_Exercise_
Only the lines from the one containing "Using the lightboard" through the end of the entries should be returned, exactly as they are, with the pictures omitted.

_Task data_
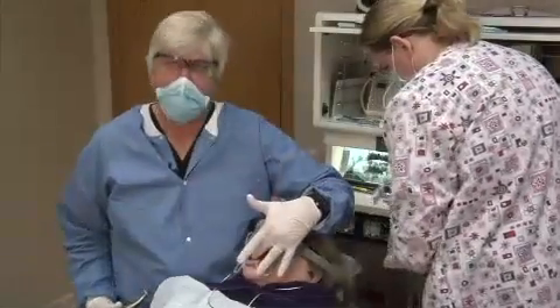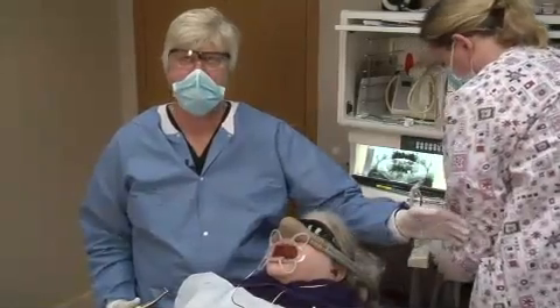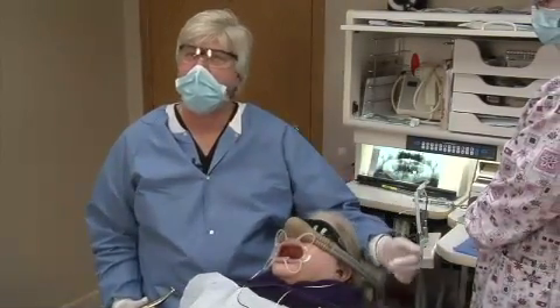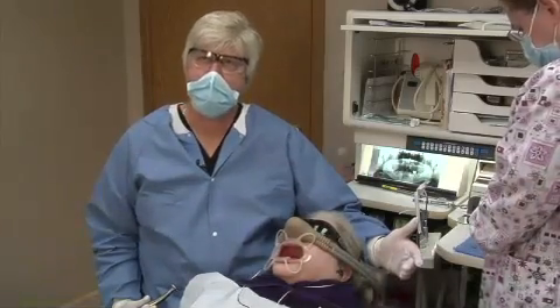With these other badly broken down teeth, we're going to take out the cuspid necks. Often times, it's very, very helpful to flatten the lingual surface of the tooth that you're going to extract.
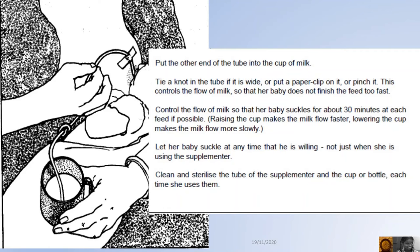Tie a knot, put a paper clip, or pinch the tube to control the flow of milk so that her baby suckles for about 30 minutes at each feed. If possible, let her baby suckle at any time that he is willing, not just when she is using the supplementary.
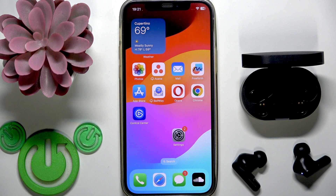Hello everybody and welcome. In this video I'm going to show you how to fix Bluetooth pairing issues for your Philips earbuds.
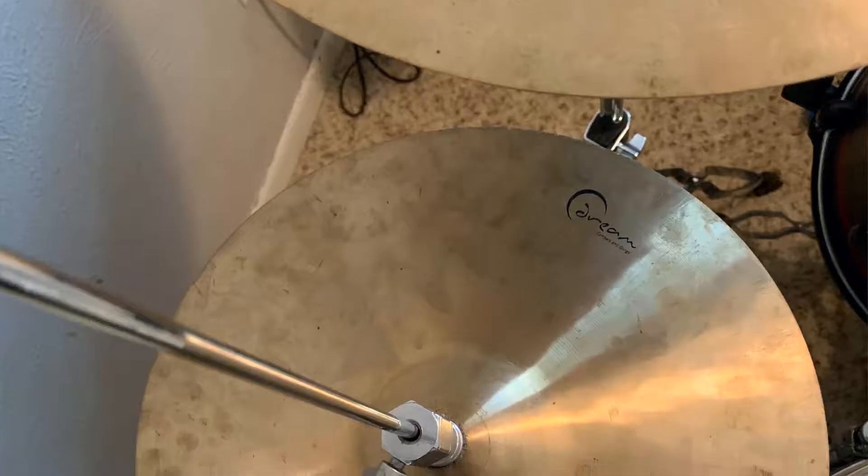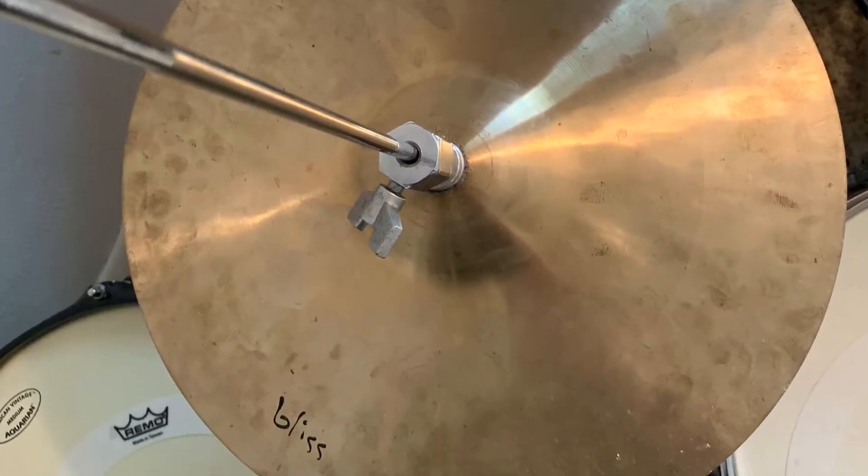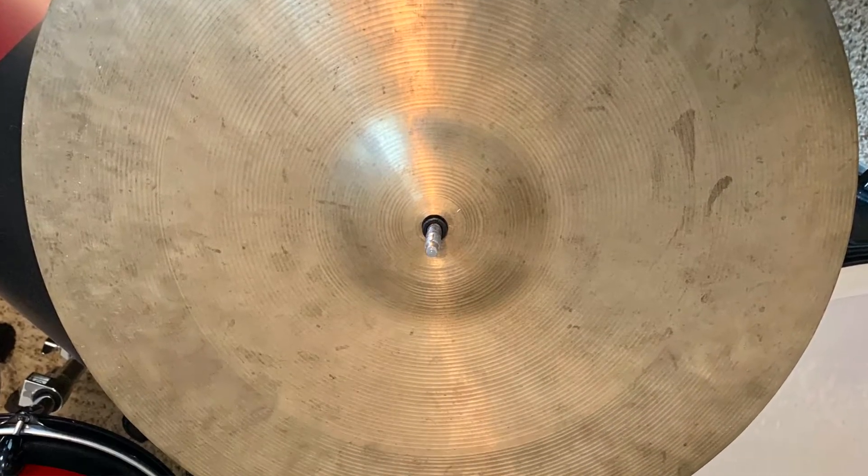I picked up a drum kit the other day and some cymbals came with them. The ones I'm really interested in are the Dream Bliss hi-hats — they're 13 inch. I also picked up a Dream Contact cymbal with them, that's an 18 inch. I've never owned an 18 inch ride and I've never owned 13 inch hats, so I'm particularly interested and excited to check out what they sound like. So here we go.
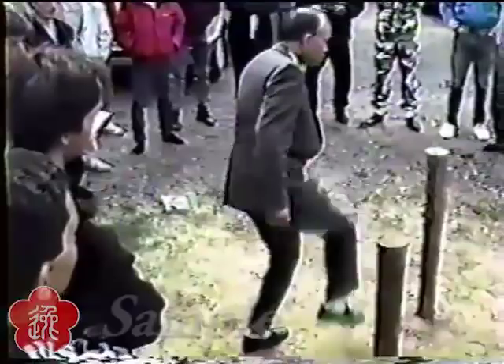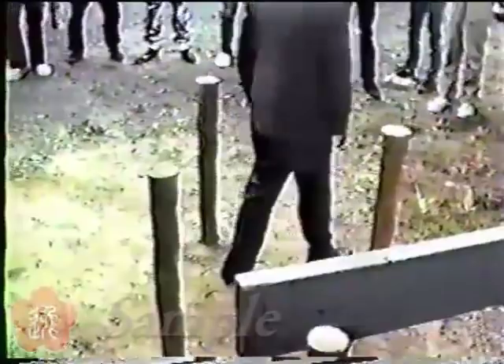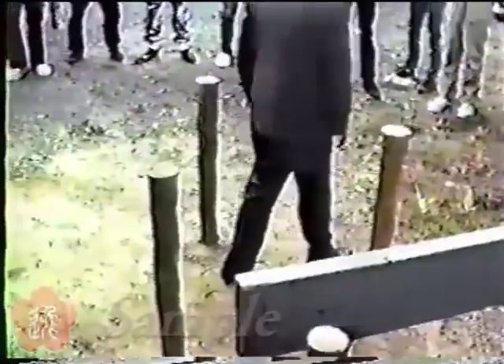You step here, so you could kick. You step here, you could kick. So actually, if you have more pull here, then you kick here, down here.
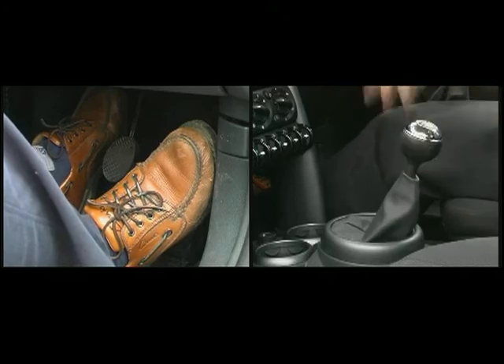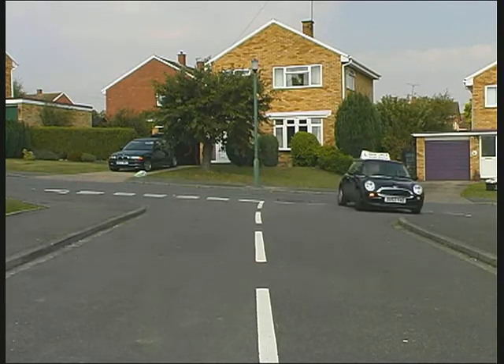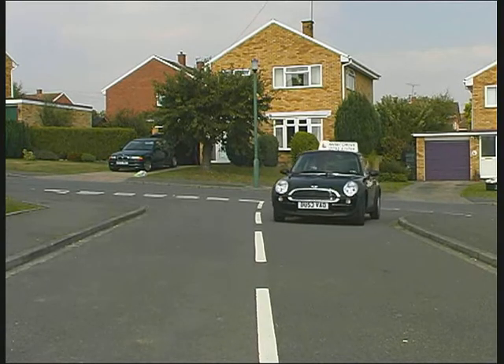Travelling with the clutch pedal pressed down is called coasting. This decreases the control you have over the vehicle and can be dangerous when turning or taking a corner.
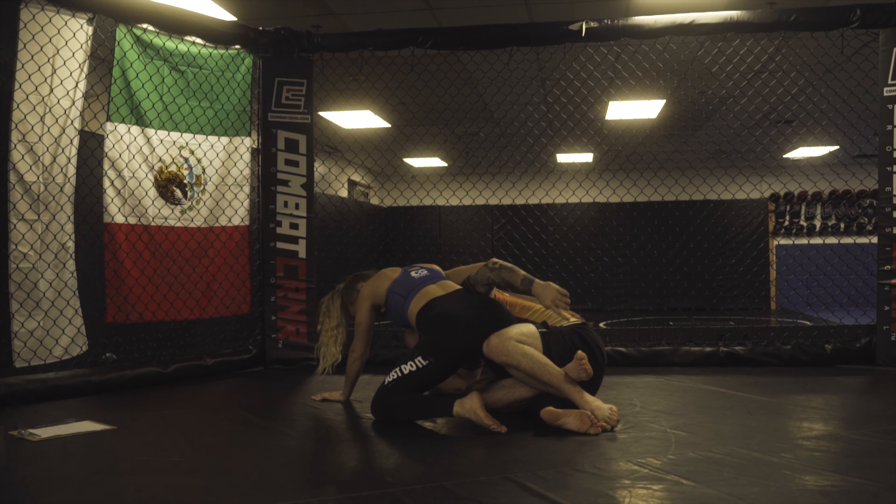Anna is going to start off on top in side half guard. We're in this position, and this is where she's going to switch. Once she switches, instead of waiting to see what happens, I'm going to switch my hips.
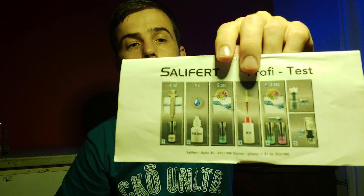So this is what the Salifert alkalinity test kit looks like. It comes with two solutions, a little test tube, two syringes, and obviously instructions — there's a picture step-by-step on how to do it. First, we get four milliliters of tank water using the biggest syringe.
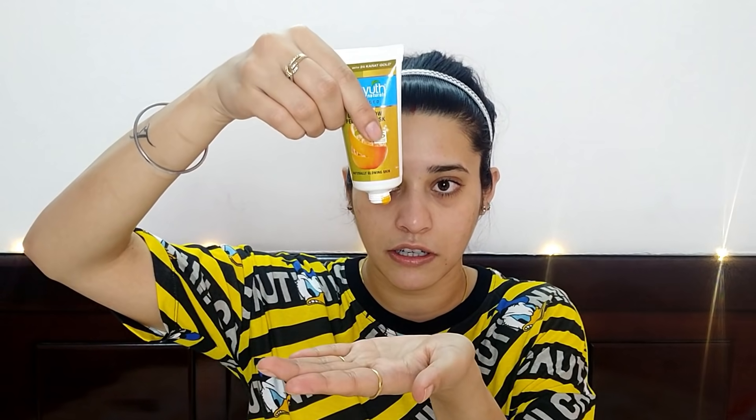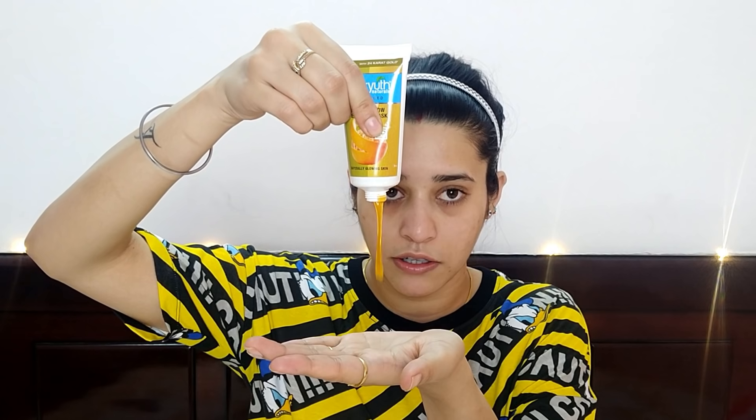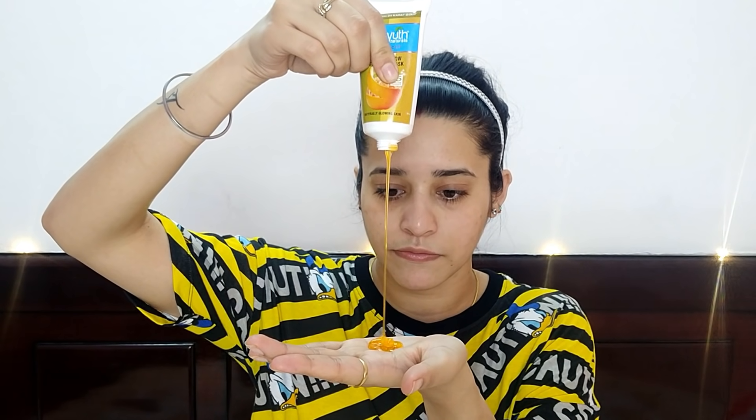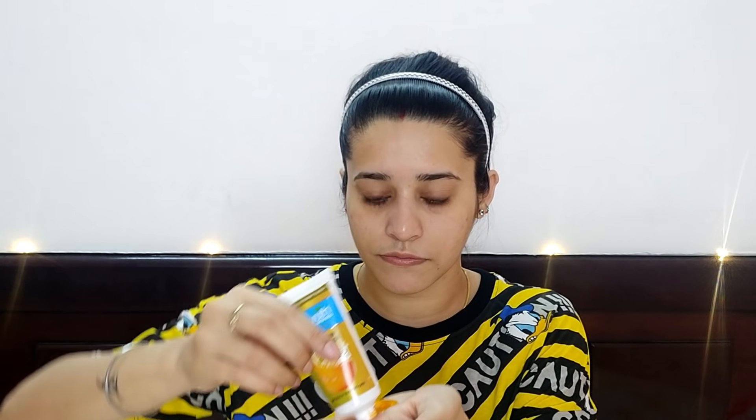So let me just take it out. There are small gold particles in it, and the consistency is very runny. They've written that you should not apply a very thin layer; otherwise, you will have a problem with peeling it. So you have to apply a slightly thick layer.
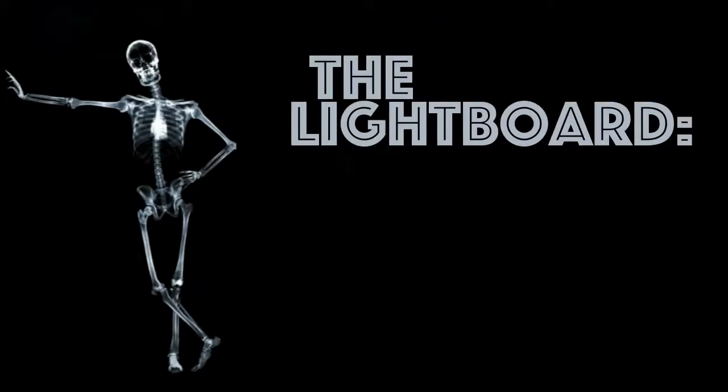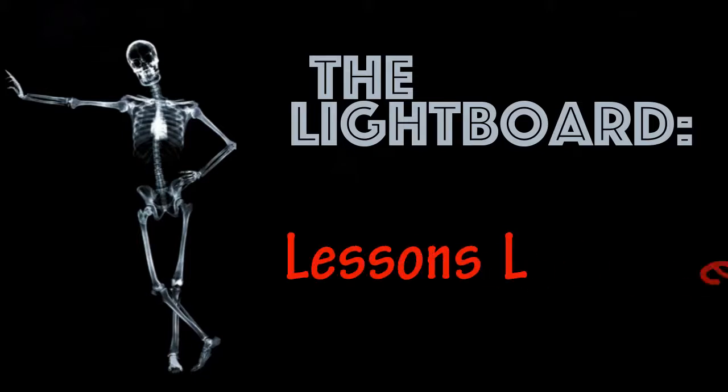Using the lightboard to record your video lectures can be a lot of fun. If you don't have a lot of experience with this technology, stay tuned. ITG has some hard-earned lessons we'd like to share with you.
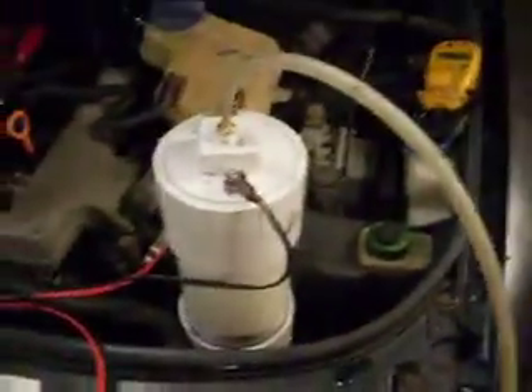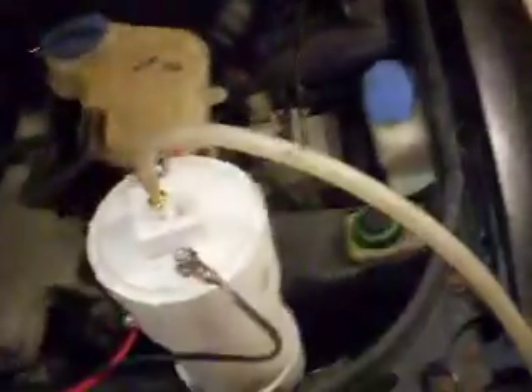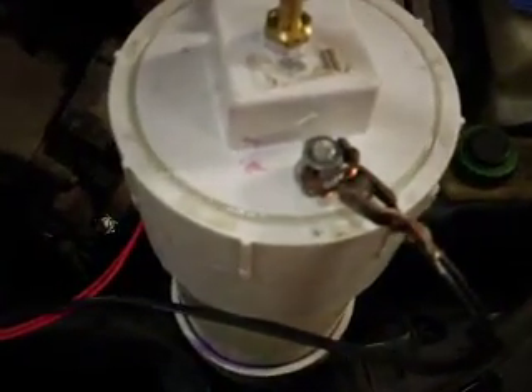This is my unit, totally connected — positive, negative, a little bit of Drano in it. I got it to draw 23 amps, and as you can see it's fizzing up. The topping is sealed tightly.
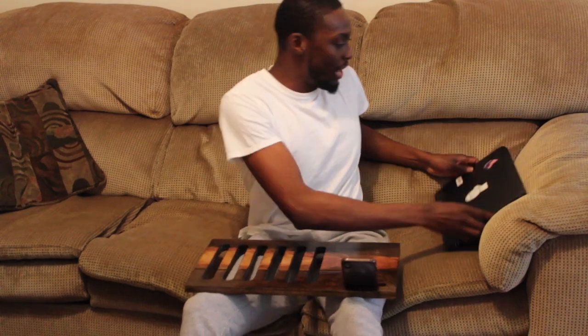What's up y'all? This is Nick with From the Ground Up DIY and today I'm going to show y'all how to build a laptop tray.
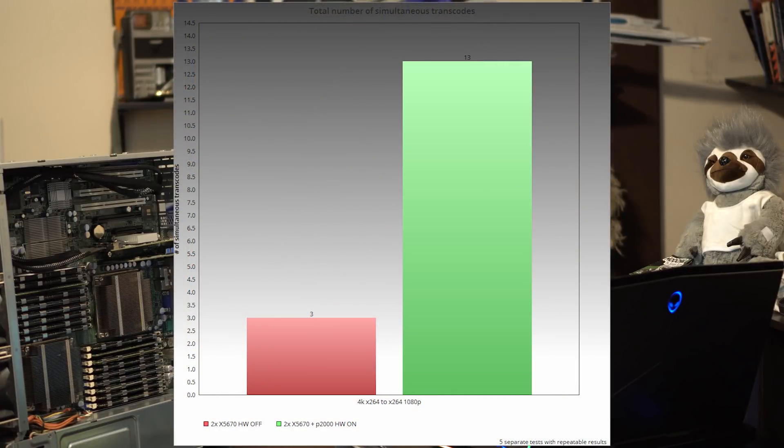The next test was 4K H.264 transcoded down to 1080p. Hardware transcoding 4K H.264 to 1080p netted me 13 streams with hardware transcoding on, and only 3 streams with hardware transcoding off. With hardware transcoding on, I got 66% GPU utilization and about 25% CPU utilization. I was also able to add an additional 10 4K direct plays, though I ran out of clients. With hardware transcoding off, I got a total of 3 4K H.264 to 1080p streams with CPU utilization pegged at 100%, though I was still able to add 10 direct plays without buffering.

_Response_
Using the lightboard to record your video lectures can be a lot of fun. If you don't have a lot of experience with this technology, stay tuned. ITG has some hard-earned lessons we'd like to share with you.
This is my unit, totally connected — positive, negative, a little bit of Drano in it. I got it to draw 23 amps, and as you can see it's fizzing up. The topping is sealed tightly.
What's up y'all? This is Nick with From the Ground Up DIY and today I'm going to show y'all how to build a laptop tray.
The next test was 4K H.264 transcoded down to 1080p. Hardware transcoding 4K H.264 to 1080p netted me 13 streams with hardware transcoding on, and only 3 streams with hardware transcoding off. With hardware transcoding on, I got 66% GPU utilization and about 25% CPU utilization. I was also able to add an additional 10 4K direct plays, though I ran out of clients. With hardware transcoding off, I got a total of 3 4K H.264 to 1080p streams with CPU utilization pegged at 100%, though I was still able to add 10 direct plays without buffering.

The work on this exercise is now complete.